DDC's efforts will build upon the Interagency Service Collaborative (iASC), San Francisco's response to the Katie A. settlement agreement in California, requiring county governments to "improve the provision of mental health and supportive services for children and youth in, or at imminent risk of placement in, foster care in California."

The PFR grant also includes intensive technical assistance and program evaluation to support systemic change, identify best practices, and disseminate findings to other Family Drug Courts across the country. The other three sites were Robeson County, NC, Tompkins County, NY, and Pima County, AZ.

DDC's partners are excited for the opportunity to provide enhanced parenting services and implement systemic changes that help strengthen families and support long-term success. The project implementation date is July 1, 2014.

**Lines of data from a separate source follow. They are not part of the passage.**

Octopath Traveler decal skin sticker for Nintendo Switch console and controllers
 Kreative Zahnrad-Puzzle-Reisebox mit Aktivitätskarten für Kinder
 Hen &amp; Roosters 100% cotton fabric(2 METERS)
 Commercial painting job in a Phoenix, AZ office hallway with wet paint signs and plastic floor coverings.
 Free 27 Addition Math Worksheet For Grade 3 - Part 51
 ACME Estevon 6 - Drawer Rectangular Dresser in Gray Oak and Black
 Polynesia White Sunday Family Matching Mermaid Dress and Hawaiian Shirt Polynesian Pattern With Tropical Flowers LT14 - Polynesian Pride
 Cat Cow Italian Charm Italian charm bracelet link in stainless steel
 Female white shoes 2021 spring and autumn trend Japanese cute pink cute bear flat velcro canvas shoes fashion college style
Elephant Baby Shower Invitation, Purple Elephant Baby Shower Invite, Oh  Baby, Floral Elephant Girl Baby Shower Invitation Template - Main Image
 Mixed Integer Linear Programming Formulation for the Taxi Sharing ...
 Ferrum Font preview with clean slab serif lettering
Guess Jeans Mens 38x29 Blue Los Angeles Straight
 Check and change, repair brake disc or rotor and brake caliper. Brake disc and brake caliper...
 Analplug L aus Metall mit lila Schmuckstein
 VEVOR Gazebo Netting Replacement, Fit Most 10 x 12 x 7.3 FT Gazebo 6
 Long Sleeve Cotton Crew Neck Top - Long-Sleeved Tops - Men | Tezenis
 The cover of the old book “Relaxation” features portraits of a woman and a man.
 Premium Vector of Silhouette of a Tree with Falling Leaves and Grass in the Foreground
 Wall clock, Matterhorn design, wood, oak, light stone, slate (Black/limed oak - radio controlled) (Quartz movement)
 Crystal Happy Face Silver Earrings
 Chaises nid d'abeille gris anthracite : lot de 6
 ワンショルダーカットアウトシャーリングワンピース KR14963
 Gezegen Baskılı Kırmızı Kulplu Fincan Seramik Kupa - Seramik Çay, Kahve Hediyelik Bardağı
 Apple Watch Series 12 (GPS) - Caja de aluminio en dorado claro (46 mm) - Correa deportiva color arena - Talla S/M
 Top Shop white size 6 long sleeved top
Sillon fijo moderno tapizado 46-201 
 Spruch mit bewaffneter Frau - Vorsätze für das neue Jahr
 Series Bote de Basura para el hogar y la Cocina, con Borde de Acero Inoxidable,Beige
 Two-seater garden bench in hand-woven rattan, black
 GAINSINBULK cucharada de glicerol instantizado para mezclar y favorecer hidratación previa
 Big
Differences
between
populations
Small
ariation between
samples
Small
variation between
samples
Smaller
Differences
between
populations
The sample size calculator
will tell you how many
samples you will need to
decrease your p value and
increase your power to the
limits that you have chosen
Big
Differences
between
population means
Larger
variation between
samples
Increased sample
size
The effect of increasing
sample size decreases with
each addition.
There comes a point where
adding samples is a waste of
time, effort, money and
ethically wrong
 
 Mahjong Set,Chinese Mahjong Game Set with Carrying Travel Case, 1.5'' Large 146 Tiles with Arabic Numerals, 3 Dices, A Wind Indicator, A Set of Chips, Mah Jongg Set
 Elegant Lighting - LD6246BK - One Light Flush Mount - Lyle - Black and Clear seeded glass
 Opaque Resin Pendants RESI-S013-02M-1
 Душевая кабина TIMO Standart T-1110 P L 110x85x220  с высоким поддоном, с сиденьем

Click here to view the Superior Court’s press release.

Mar 16, 2014

New York Times essays tackle the issue of addiction and treatment

On February 10, 2014, The New York Times' Room for Debate series tackled the important and complex issue of addiction and treatment. These essays provide a well-rounded look at the causes of addiction, and more importantly, what can be done to break the cycle. As Boston College's Gene Heyman wrote, "What research shows is that those we label addicts have the capacity to take control of their lives. It is time to reformulate drug policy and addiction interventions on the basis of this well-established finding."


It Is a Disease and Needs to Be Treated as Such
David Sack, Psychiatrist
"Research has shown that it has the properties of other medical disorders, including genetic links and a susceptibility to medication."


As With Other Problems, Class Has a Role
Carl L. Hart, Columbia University
"Crack became popular in poor areas because there were few 'competing reinforcers,' other affordable sources of pleasure and purpose."


A Spiritual Understanding Is Needed
Lisa Miller, Spirituality Mind Body Institute, Columbia University
"A personal relationship with a higher power is the most powerful protection against the "mystic consciousness'' of substance abuse."


A Matter of Difficult Choices
Gene Heyman, Boston College
"Most addicts keep using until penalties of excessive use become overwhelming. Research shows that addicts can take control of their lives."

 

Bad Habits Can Be Learned and Unlearned
Marc Lewis, Author, "Memoirs of an Addicted Brain"
"Addiction involves the pursuit of attractive goals. It is hardly abnormal. It involves brain changes because that's how learning works."


No Quick Fix or Simple Approach Will Do
Peg O'Connor, Gustavus Adolphus College
"Doctors tell pre-diabetic patients to make healthy choices, but those can be beyond the control of many people."